Sure, but I'm thinking of stuff like the custom output layer I used for the Galaxy Challenge, to incorporate the constraints on the predicted probabilities (this monster: https://github.com/benanne/kaggle-galaxies/blob/master/custom.py#L576 ). There is no way in hell I'd want to implement that gradient myself. I don't think it's possible to avoid that in any other library for now. Theano's gradient implementations are at the level of individual operations, which is what makes the automatic differentiation so powerful. I guess the gradients implemented in Torch are too coarse-grained for that.

from convnet-benchmarks.

soumith commented on May 22, 2024

agreed. we dont have a graph optimizer. i implemented the same (or similar) here: https://github.com/soumith/galaxyzoo/blob/master/2_model.lua#L35
but theano probably optimizes out certain common expressions and makes them efficient.

anyways, the thread is going off track :) i will update when I have the end-to-end benchmarks on caffe, and start a table with nn + cudnn + caffe + ccn2 for ovefeat,alexnet,oxfordnet.

from convnet-benchmarks.

liuliu commented on May 22, 2024

Have you used my "two buffer for backprop" trick on GoogLeNet thing :P
Interested to hear if you have any success on reprod GoogLeNet, I probably will start that pretty soon.

from convnet-benchmarks.

soumith commented on May 22, 2024

@liuliu did not use your two-buffer trick yet. so many things to try :)

from convnet-benchmarks.

soumith commented on May 22, 2024

okay so I added the titan black numbers for alexnet,overfeat,vggmodel-A and in the README.md for ccn2, cudnn Release 2, cudnn Release1, torch-cunn.

from convnet-benchmarks.

nouiz commented on May 22, 2024

Merry Christmas and Happy New Year!

(I won't be checking my emails/github frequently until next year, so do not expect fast response)

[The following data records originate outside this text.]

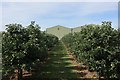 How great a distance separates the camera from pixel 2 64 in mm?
19156

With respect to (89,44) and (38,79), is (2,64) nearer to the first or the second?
(38,79)

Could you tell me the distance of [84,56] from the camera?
68.6 feet

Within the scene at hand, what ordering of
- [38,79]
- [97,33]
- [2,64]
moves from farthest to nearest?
[38,79] < [97,33] < [2,64]

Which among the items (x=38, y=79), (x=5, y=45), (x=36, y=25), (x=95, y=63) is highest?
(x=36, y=25)

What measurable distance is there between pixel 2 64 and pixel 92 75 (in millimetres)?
7918

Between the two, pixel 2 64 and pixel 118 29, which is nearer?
Result: pixel 2 64

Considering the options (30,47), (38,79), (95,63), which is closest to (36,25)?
(30,47)

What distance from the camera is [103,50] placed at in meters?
19.9

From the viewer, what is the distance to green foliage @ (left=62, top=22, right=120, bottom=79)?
19703mm

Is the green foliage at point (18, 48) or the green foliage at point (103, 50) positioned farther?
the green foliage at point (103, 50)

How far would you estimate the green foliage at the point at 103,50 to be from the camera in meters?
19.7

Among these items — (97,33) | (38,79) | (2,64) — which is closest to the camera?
(2,64)

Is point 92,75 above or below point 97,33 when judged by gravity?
below

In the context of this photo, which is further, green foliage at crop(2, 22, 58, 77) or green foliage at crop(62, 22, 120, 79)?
green foliage at crop(62, 22, 120, 79) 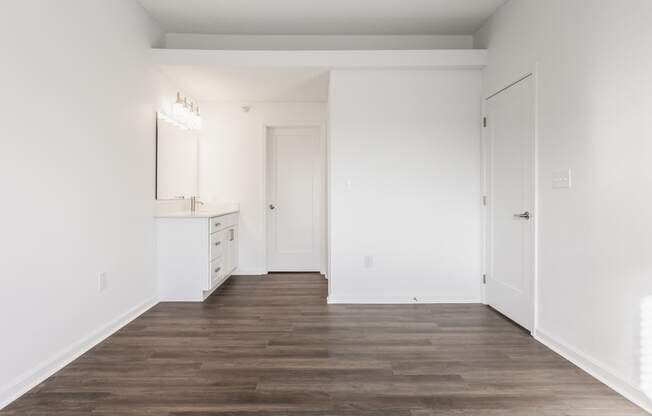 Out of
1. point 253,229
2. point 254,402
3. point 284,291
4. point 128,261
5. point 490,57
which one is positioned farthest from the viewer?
point 253,229

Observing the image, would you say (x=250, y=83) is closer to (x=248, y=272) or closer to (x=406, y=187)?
(x=406, y=187)

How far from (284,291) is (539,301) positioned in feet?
8.10

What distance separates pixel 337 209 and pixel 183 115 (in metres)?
2.10

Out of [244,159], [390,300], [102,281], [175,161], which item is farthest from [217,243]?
[390,300]

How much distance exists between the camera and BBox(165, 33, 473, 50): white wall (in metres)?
3.92

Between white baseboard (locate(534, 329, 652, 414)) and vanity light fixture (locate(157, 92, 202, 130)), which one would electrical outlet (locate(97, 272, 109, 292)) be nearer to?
vanity light fixture (locate(157, 92, 202, 130))

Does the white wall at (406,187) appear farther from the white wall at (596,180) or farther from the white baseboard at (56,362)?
the white baseboard at (56,362)

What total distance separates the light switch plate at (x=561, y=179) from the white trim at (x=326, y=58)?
5.04ft

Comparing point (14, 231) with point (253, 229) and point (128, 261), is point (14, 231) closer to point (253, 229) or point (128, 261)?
point (128, 261)

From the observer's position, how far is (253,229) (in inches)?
198

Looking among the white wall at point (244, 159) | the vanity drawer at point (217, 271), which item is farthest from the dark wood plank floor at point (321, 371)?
the white wall at point (244, 159)

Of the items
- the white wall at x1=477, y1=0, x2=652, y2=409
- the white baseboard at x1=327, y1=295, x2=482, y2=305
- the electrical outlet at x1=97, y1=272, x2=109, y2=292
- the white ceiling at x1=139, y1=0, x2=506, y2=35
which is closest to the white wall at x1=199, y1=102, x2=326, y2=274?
the white ceiling at x1=139, y1=0, x2=506, y2=35

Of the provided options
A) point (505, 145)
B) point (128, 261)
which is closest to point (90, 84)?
point (128, 261)

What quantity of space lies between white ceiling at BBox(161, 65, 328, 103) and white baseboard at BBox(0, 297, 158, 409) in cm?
239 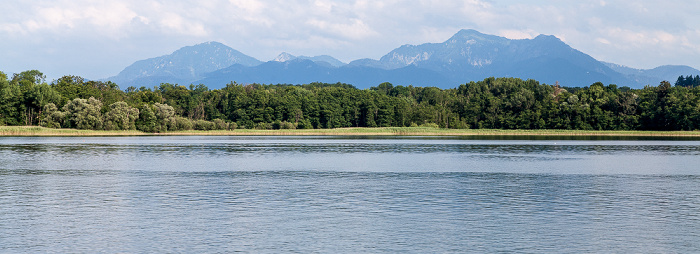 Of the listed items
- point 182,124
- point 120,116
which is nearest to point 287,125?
point 182,124

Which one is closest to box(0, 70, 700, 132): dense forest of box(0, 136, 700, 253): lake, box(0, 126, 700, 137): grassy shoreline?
box(0, 126, 700, 137): grassy shoreline

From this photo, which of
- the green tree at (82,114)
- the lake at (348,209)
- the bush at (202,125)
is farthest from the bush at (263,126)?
the lake at (348,209)

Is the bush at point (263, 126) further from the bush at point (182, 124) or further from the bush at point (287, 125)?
the bush at point (182, 124)

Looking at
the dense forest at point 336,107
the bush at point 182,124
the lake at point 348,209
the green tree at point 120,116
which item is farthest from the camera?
the bush at point 182,124

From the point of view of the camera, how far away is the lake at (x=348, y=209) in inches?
822

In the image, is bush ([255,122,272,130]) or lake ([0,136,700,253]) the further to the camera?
bush ([255,122,272,130])

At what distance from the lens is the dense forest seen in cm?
13888

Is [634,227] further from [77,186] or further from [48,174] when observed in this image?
[48,174]

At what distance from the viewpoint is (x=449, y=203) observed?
29.9m

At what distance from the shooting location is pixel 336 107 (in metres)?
184

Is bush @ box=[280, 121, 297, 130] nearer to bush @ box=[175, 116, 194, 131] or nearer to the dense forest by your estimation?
the dense forest

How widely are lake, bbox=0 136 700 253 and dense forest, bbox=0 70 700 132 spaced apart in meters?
92.7

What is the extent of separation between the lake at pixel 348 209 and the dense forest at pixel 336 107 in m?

Thanks for the release of fbcufft that will be useful to many other project I think.

For the cudnn r2 benchmark, I think you should make 2 cases. One without extra memory and one with. As fft and cuda-convnet[2] use/can use extra memory, I think knowing both timing from cuddn r2 would make a better comparison. Which one did you timed?

from convnet-benchmarks.

nouiz commented on May 22, 2024

@benanne, I agree having the CPU code support all the version is great. But sometimes we need to go faster for research and implementing just the case we use (CUDA) allow this. But we also continue to make available in the "normal"/CPU interface the new features later.

I must disagree with @soumith. Most Theano op have its grad implement for a long time. I do not think torch have more. In fact, in Theano we can in many case take the second derivate and the Lop/Rop needed for hessian free. I didn't see that in other software that automatize this (but I didn't looked). So I do not think there is more grad in Torch :)

Also, for the speed of development, we had LSTM and RNN before torch I think. For RNN, @nicholas-leonard asked on our lab mailing list question on now to implement it. We had it for a long time. With the same functionality we can implement LSTM. There wasn't new functionality needed. We are in the process to release an example for LSTM base on some old code: lisa-lab/DeepLearningTutorials#55. There is also Alex conv net code that was linked to by a Theano user, I forget where.

For multi-GPU, it was possible with multiple process for a long time with an example. For the case of Multi-GPU in the same process as current Torch, there is a PR that is just waiting for my review :)

from convnet-benchmarks.

benanne commented on May 22, 2024

Merry Christmas and a happy new year to everyone as well :)

@nouiz: To be honest, I don't really care about CPU support for every feature either. All the machines I use have GPUs, including my laptop. But the way Theano is built requires using 'more general' ops in your graph that get replaced by optimizations to profit maximally. Having to use specialized ops in a graph directly undoes some of the advantages that 'the Theano way' offers.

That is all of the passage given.